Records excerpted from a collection
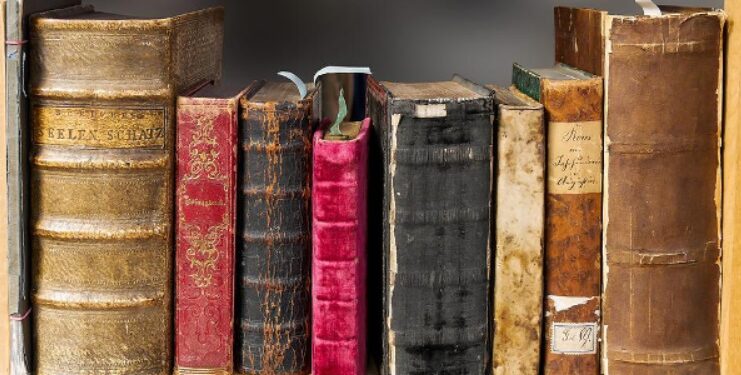 Getting Into A Hobby – What Can Be Fun To Adults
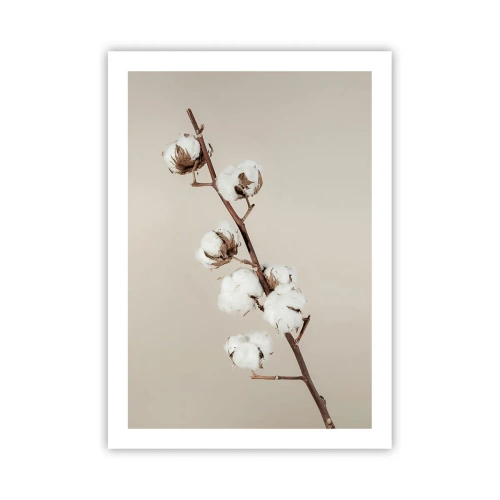 Poster - Ein Baumwollzweig auf beigem Hintergrund, im minimalistischen Stil. - 50x70cm - An der Quelle der Weichheit - Moderne Wanddekoration für Wohnzimmer und Schlafzimmer ARTTOR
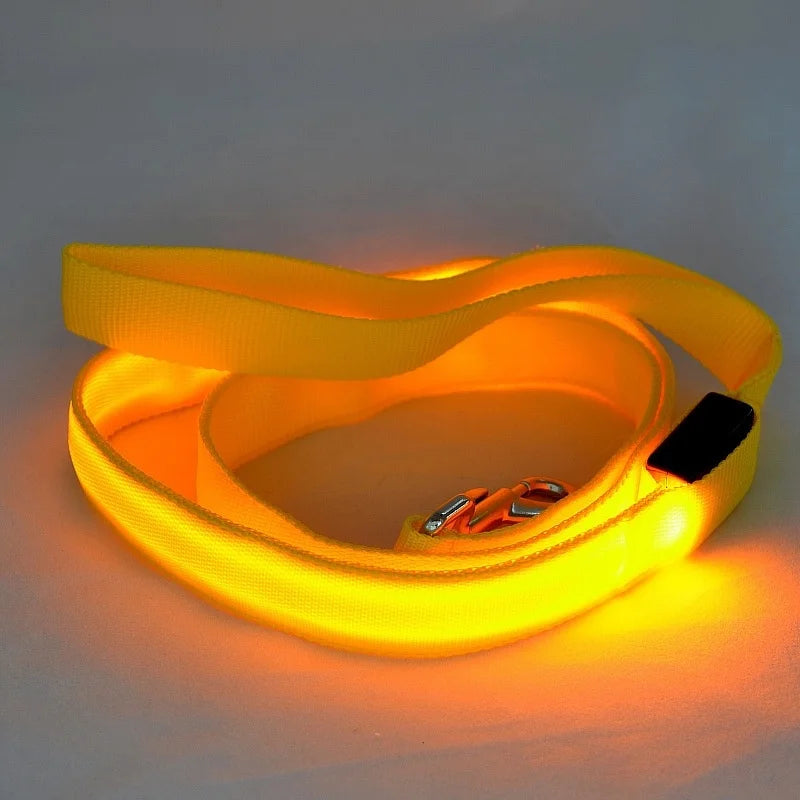 Yellow LED Dog Leash coiled up on display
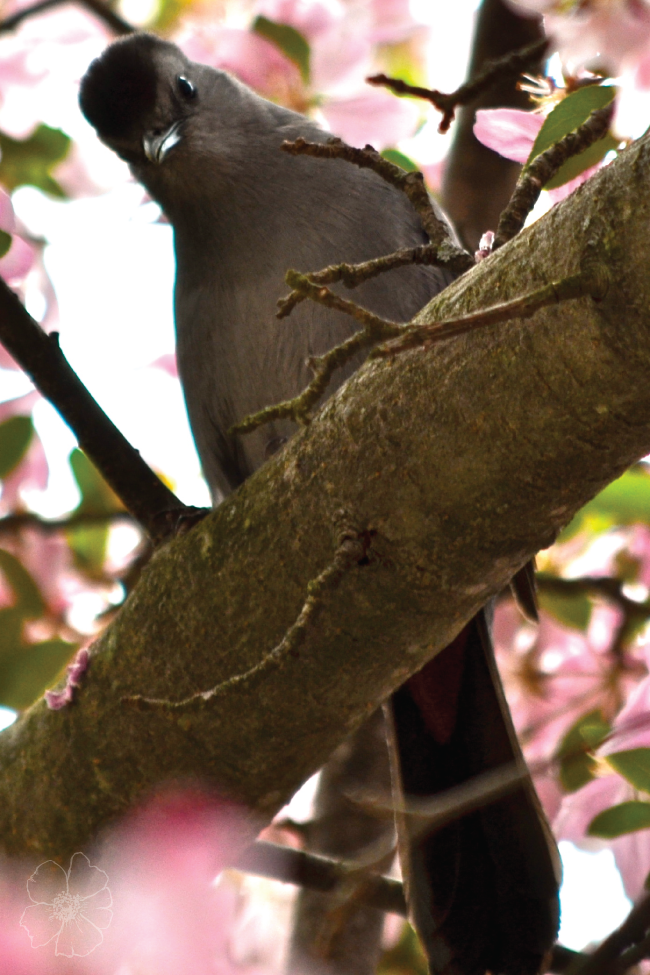 Catbird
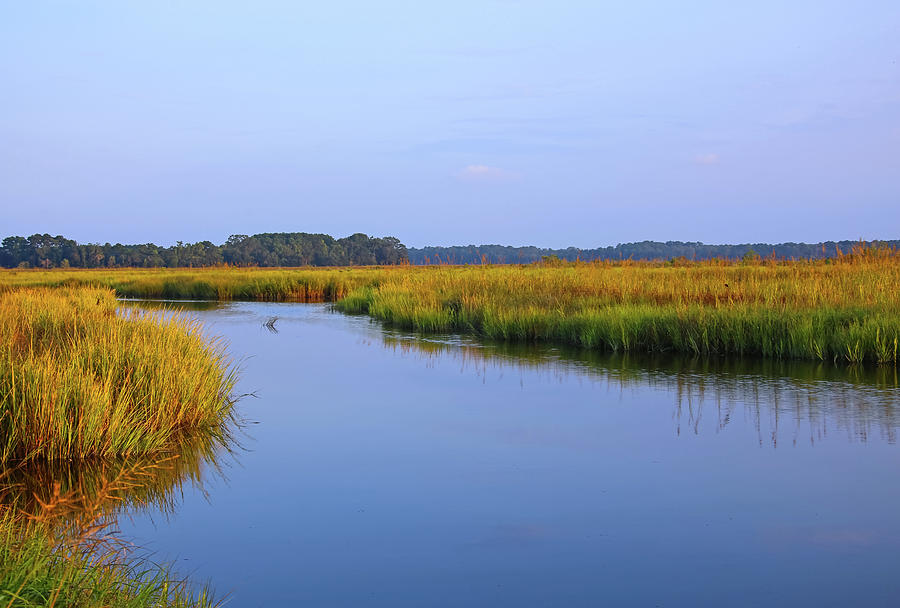 Tranquil Marsh Photograph by Daniela Duncan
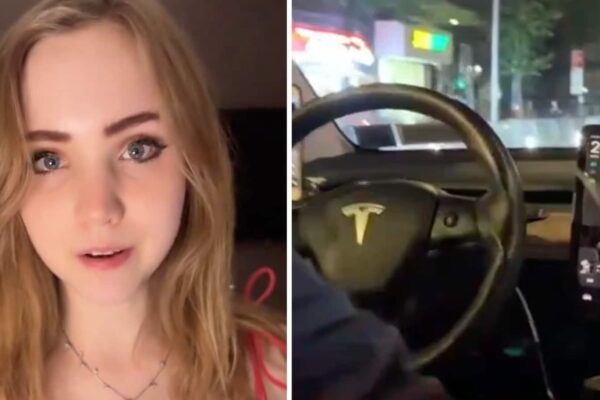 German YouTuber gets self-driving Tesla cab. Elon Musk responds to ‘surreal’ video | Trending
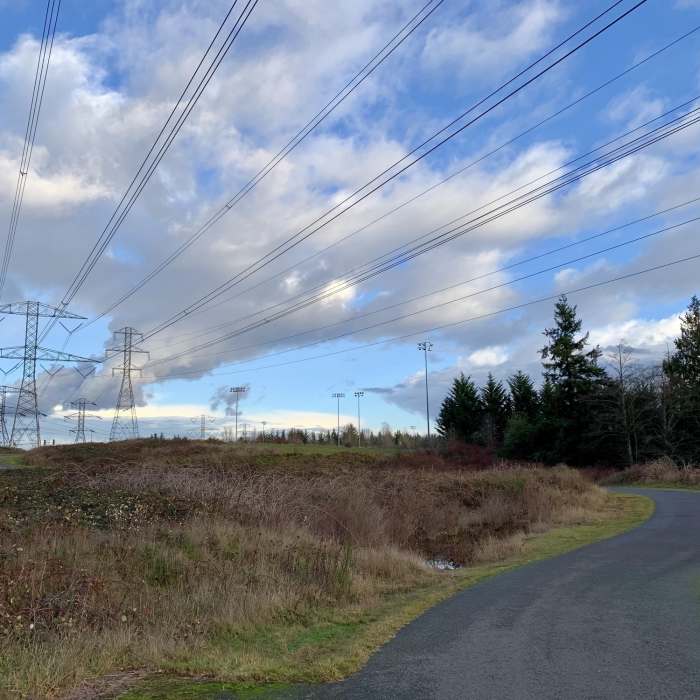 Walking Along the BPA Trail Near BPA Trail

• [Task goal]: Your answer must be an exact copy of the records above, with every picture left out.

• [Answer to the exercise]:
 Getting Into A Hobby – What Can Be Fun To Adults
 Poster - Ein Baumwollzweig auf beigem Hintergrund, im minimalistischen Stil. - 50x70cm - An der Quelle der Weichheit - Moderne Wanddekoration für Wohnzimmer und Schlafzimmer ARTTOR
 Yellow LED Dog Leash coiled up on display
 Catbird
 Tranquil Marsh Photograph by Daniela Duncan
 German YouTuber gets self-driving Tesla cab. Elon Musk responds to ‘surreal’ video | Trending
 Walking Along the BPA Trail Near BPA Trail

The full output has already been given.